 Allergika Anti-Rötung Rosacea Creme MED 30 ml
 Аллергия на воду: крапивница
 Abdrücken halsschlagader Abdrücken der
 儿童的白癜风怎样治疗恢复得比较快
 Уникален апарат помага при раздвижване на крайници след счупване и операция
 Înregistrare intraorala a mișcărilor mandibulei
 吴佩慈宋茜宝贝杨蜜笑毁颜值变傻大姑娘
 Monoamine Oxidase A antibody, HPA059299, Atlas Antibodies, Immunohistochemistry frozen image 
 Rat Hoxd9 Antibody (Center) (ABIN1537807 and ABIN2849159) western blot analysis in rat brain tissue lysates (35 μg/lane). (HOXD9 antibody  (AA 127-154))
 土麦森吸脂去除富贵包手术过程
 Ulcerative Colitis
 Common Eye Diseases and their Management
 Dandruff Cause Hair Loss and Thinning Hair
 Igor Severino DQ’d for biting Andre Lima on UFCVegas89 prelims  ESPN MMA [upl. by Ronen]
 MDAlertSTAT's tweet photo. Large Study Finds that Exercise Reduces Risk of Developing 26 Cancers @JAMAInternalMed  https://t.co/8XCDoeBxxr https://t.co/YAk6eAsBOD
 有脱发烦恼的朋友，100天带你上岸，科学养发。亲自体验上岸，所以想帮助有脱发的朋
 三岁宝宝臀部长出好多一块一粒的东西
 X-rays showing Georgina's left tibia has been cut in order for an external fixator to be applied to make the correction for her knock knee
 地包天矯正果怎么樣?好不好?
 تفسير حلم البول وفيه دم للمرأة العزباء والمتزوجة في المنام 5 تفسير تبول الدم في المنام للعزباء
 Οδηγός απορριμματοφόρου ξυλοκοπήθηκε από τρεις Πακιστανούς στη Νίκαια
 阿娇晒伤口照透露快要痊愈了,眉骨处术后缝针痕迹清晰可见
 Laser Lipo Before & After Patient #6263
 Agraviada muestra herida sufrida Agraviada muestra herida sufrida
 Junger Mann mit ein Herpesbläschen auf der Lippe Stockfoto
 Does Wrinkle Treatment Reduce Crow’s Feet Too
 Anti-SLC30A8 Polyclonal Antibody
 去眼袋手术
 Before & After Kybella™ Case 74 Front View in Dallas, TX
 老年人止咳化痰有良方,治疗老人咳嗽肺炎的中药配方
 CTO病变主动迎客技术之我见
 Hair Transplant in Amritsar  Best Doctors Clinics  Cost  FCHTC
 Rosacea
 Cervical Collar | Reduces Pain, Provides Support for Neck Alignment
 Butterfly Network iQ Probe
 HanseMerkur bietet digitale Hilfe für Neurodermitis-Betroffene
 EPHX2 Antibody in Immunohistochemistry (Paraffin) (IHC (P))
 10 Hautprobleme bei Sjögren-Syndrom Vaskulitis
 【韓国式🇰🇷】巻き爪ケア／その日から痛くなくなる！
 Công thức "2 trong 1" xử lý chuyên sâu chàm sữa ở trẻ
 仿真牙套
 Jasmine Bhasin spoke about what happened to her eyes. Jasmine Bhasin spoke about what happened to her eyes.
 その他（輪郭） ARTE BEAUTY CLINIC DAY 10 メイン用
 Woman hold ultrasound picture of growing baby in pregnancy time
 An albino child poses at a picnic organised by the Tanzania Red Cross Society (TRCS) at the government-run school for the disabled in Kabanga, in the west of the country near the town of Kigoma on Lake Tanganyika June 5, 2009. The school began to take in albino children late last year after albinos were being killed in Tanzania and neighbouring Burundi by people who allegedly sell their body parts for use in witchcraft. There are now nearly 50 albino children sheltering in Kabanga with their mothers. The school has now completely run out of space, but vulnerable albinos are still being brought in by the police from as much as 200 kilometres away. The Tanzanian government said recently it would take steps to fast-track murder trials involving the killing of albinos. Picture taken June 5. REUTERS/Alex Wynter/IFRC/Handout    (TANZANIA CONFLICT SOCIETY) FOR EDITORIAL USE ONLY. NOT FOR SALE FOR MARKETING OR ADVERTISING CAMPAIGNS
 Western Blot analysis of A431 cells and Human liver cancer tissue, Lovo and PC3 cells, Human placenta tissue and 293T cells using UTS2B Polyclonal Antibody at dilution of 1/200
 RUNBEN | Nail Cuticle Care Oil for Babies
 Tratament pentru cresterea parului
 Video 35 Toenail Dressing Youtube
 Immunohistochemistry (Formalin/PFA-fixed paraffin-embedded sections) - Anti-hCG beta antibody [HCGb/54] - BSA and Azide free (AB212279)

────────────────

Write out the whole listing verbatim.

__EXERCISE OUTPUT__.
 Allergika Anti-Rötung Rosacea Creme MED 30 ml
 Аллергия на воду: крапивница
 Abdrücken halsschlagader Abdrücken der
 儿童的白癜风怎样治疗恢复得比较快
 Уникален апарат помага при раздвижване на крайници след счупване и операция
 Înregistrare intraorala a mișcărilor mandibulei
 吴佩慈宋茜宝贝杨蜜笑毁颜值变傻大姑娘
 Monoamine Oxidase A antibody, HPA059299, Atlas Antibodies, Immunohistochemistry frozen image 
 Rat Hoxd9 Antibody (Center) (ABIN1537807 and ABIN2849159) western blot analysis in rat brain tissue lysates (35 μg/lane). (HOXD9 antibody  (AA 127-154))
 土麦森吸脂去除富贵包手术过程
 Ulcerative Colitis
 Common Eye Diseases and their Management
 Dandruff Cause Hair Loss and Thinning Hair
 Igor Severino DQ’d for biting Andre Lima on UFCVegas89 prelims  ESPN MMA [upl. by Ronen]
 MDAlertSTAT's tweet photo. Large Study Finds that Exercise Reduces Risk of Developing 26 Cancers @JAMAInternalMed  https://t.co/8XCDoeBxxr https://t.co/YAk6eAsBOD
 有脱发烦恼的朋友，100天带你上岸，科学养发。亲自体验上岸，所以想帮助有脱发的朋
 三岁宝宝臀部长出好多一块一粒的东西
 X-rays showing Georgina's left tibia has been cut in order for an external fixator to be applied to make the correction for her knock knee
 地包天矯正果怎么樣?好不好?
 تفسير حلم البول وفيه دم للمرأة العزباء والمتزوجة في المنام 5 تفسير تبول الدم في المنام للعزباء
 Οδηγός απορριμματοφόρου ξυλοκοπήθηκε από τρεις Πακιστανούς στη Νίκαια
 阿娇晒伤口照透露快要痊愈了,眉骨处术后缝针痕迹清晰可见
 Laser Lipo Before & After Patient #6263
 Agraviada muestra herida sufrida Agraviada muestra herida sufrida
 Junger Mann mit ein Herpesbläschen auf der Lippe Stockfoto
 Does Wrinkle Treatment Reduce Crow’s Feet Too
 Anti-SLC30A8 Polyclonal Antibody
 去眼袋手术
 Before & After Kybella™ Case 74 Front View in Dallas, TX
 老年人止咳化痰有良方,治疗老人咳嗽肺炎的中药配方
 CTO病变主动迎客技术之我见
 Hair Transplant in Amritsar  Best Doctors Clinics  Cost  FCHTC
 Rosacea
 Cervical Collar | Reduces Pain, Provides Support for Neck Alignment
 Butterfly Network iQ Probe
 HanseMerkur bietet digitale Hilfe für Neurodermitis-Betroffene
 EPHX2 Antibody in Immunohistochemistry (Paraffin) (IHC (P))
 10 Hautprobleme bei Sjögren-Syndrom Vaskulitis
 【韓国式🇰🇷】巻き爪ケア／その日から痛くなくなる！
 Công thức "2 trong 1" xử lý chuyên sâu chàm sữa ở trẻ
 仿真牙套
 Jasmine Bhasin spoke about what happened to her eyes. Jasmine Bhasin spoke about what happened to her eyes.
 その他（輪郭） ARTE BEAUTY CLINIC DAY 10 メイン用
 Woman hold ultrasound picture of growing baby in pregnancy time
 An albino child poses at a picnic organised by the Tanzania Red Cross Society (TRCS) at the government-run school for the disabled in Kabanga, in the west of the country near the town of Kigoma on Lake Tanganyika June 5, 2009. The school began to take in albino children late last year after albinos were being killed in Tanzania and neighbouring Burundi by people who allegedly sell their body parts for use in witchcraft. There are now nearly 50 albino children sheltering in Kabanga with their mothers. The school has now completely run out of space, but vulnerable albinos are still being brought in by the police from as much as 200 kilometres away. The Tanzanian government said recently it would take steps to fast-track murder trials involving the killing of albinos. Picture taken June 5. REUTERS/Alex Wynter/IFRC/Handout    (TANZANIA CONFLICT SOCIETY) FOR EDITORIAL USE ONLY. NOT FOR SALE FOR MARKETING OR ADVERTISING CAMPAIGNS
 Western Blot analysis of A431 cells and Human liver cancer tissue, Lovo and PC3 cells, Human placenta tissue and 293T cells using UTS2B Polyclonal Antibody at dilution of 1/200
 RUNBEN | Nail Cuticle Care Oil for Babies
 Tratament pentru cresterea parului
 Video 35 Toenail Dressing Youtube
 Immunohistochemistry (Formalin/PFA-fixed paraffin-embedded sections) - Anti-hCG beta antibody [HCGb/54] - BSA and Azide free (AB212279)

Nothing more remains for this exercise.